4 Proposed heuristic (DH)

As mentioned previously, the CLSC-PRP has integrated production and distribution problems. The decomposition heuristic solves each of these problems independently and updates the solution according to their trade-offs. The framework of the decomposition heuristic to solve the CLSC-PRP is described in the following. In the CLSC-PRP, there are two groups of variables: continuous variables including production, inventory, and distribution quantities, and binary variables including production (taking place or not), recycling (taking place or not), and routing decisions. The requirements of the solution method are as follows: (i) to decide on a solution that manages both binary and continuous variables together, (ii) to construct tours considering different production plans, and (iii) to determine production, inventory, and distribution quantities within the bounds.
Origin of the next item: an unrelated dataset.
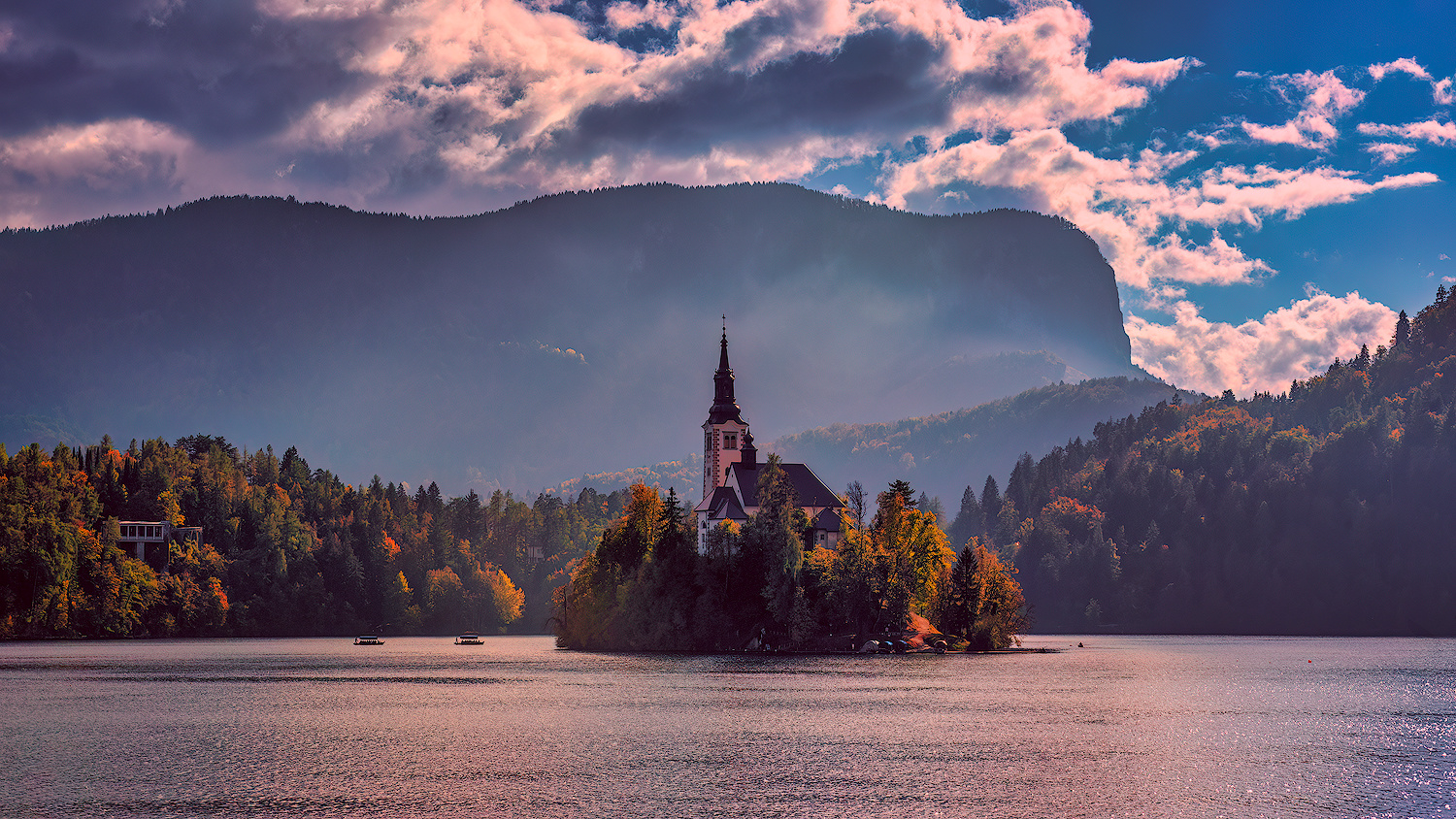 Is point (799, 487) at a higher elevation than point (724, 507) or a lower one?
higher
The rest of this section explains these requirements.

4.1 The DH framework

The proposed framework of the decomposition heuristic is explained in Algorithm 1. The algorithm starts by generating initial solutions (Line 2). An example solution is detailed in Sect. 4.2. An initial solution is generated uniformly and randomly. Then, the trip feasibility (Line 3) must be checked to avoid infeasible route plans, as described in Sect. 4.3, and the solution is evaluated as described in Sect. 4.5 (Line 4). If the initial solution is feasible, then it is assigned as a global best solution (Lines 5–8). After these initialisation steps, the iterative procedure starts (Lines 9–21). An SA method is used in this procedure, as described in Sect. 4.6. The algorithm stops when the maximum number of iterations (IterMax) is reached. In each iteration, a number of neighbour solutions (nMax) are searched and evaluated to find the best neighbour.

figure a

4.2 Solution encoding

An encoded example solution for the present method is given Table 2. A cell that is equal to one in the solution matrix represents a given node being visited on a given day. Conversely, if it equals zero, the node is not visited on the given day. The decision variables of the mathematical model (production, inventory, distribution, and routing) are determined using the solution matrix.

Table 2 Example solution representation

4.3 Checking trip feasibility of a solution

A solution may be infeasible because of failing to ensure the following: (i) daily loads do not exceed the total available truck capacities, and (ii) the tour includes the facility. A repair function, proposed to check the feasibility of a solution, is explained in Algorithm 2.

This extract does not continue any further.